• **YOUR TASK**
Repeat the stretch of entries below from the line with "アガパンサスの花（蕾）" through the line with "Last level-Harry Potter". Include both ends and add nothing.

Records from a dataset
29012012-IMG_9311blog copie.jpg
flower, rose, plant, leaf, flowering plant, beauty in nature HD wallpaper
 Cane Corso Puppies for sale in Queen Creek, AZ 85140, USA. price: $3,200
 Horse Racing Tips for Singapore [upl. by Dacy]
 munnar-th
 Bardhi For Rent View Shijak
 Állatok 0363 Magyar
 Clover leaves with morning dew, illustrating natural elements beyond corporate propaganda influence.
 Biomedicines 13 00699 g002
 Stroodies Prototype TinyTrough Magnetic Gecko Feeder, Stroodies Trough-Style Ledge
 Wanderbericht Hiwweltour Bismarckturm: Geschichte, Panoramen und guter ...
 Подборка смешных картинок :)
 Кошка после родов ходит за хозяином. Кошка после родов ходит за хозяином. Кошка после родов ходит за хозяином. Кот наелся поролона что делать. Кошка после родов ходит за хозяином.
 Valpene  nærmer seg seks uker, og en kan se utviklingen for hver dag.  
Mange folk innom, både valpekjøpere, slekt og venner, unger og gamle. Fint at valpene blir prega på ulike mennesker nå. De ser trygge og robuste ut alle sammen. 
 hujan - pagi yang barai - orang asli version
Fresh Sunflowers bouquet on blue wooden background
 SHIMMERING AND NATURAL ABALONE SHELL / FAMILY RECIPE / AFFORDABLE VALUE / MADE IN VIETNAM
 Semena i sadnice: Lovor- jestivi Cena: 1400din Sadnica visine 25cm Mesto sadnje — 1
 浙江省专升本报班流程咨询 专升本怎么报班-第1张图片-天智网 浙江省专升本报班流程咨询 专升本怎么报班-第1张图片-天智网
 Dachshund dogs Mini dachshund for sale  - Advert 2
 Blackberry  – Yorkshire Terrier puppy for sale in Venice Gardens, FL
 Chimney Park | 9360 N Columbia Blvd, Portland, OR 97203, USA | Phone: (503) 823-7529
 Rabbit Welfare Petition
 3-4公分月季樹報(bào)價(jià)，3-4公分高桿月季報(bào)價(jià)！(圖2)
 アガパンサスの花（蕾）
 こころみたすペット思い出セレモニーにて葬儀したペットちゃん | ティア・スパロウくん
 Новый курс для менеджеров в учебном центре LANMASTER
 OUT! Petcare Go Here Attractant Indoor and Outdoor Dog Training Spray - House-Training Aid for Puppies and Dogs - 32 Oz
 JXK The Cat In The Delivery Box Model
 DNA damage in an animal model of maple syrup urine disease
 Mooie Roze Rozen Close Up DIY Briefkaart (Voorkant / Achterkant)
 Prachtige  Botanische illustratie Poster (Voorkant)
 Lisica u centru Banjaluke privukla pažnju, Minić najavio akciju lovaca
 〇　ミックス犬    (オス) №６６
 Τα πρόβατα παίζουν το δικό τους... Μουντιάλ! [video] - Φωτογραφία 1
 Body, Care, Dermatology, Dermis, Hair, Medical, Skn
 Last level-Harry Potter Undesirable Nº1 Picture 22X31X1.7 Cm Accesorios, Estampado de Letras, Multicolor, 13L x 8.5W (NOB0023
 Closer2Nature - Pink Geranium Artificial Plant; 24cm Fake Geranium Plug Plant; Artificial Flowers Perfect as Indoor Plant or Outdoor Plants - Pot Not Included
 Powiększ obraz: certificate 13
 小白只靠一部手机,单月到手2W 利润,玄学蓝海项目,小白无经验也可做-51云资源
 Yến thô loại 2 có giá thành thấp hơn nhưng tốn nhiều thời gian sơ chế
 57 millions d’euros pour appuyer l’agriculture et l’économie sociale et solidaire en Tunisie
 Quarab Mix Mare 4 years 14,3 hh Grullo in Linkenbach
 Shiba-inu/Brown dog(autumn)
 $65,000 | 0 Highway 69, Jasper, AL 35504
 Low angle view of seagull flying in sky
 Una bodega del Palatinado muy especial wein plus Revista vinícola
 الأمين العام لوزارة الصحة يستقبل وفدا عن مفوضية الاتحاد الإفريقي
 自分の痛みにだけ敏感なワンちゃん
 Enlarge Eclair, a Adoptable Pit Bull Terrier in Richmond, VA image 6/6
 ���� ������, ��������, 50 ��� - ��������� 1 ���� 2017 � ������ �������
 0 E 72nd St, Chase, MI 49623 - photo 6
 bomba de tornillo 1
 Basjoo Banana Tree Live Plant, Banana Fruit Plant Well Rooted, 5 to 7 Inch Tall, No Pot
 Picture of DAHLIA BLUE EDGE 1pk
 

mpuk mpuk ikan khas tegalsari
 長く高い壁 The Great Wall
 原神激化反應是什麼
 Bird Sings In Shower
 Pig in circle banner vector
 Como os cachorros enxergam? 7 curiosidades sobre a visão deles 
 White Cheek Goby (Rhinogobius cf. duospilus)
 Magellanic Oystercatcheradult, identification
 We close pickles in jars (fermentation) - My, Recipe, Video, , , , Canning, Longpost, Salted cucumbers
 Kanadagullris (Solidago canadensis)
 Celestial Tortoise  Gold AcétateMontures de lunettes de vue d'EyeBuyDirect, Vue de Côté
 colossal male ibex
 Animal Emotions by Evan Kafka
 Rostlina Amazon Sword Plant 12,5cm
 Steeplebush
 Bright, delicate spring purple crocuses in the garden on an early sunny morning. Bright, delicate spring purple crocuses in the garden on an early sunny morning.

• **REPLY**
 アガパンサスの花（蕾）
 こころみたすペット思い出セレモニーにて葬儀したペットちゃん | ティア・スパロウくん
 Новый курс для менеджеров в учебном центре LANMASTER
 OUT! Petcare Go Here Attractant Indoor and Outdoor Dog Training Spray - House-Training Aid for Puppies and Dogs - 32 Oz
 JXK The Cat In The Delivery Box Model
 DNA damage in an animal model of maple syrup urine disease
 Mooie Roze Rozen Close Up DIY Briefkaart (Voorkant / Achterkant)
 Prachtige  Botanische illustratie Poster (Voorkant)
 Lisica u centru Banjaluke privukla pažnju, Minić najavio akciju lovaca
 〇　ミックス犬    (オス) №６６
 Τα πρόβατα παίζουν το δικό τους... Μουντιάλ! [video] - Φωτογραφία 1
 Body, Care, Dermatology, Dermis, Hair, Medical, Skn
 Last level-Harry Potter Undesirable Nº1 Picture 22X31X1.7 Cm Accesorios, Estampado de Letras, Multicolor, 13L x 8.5W (NOB0023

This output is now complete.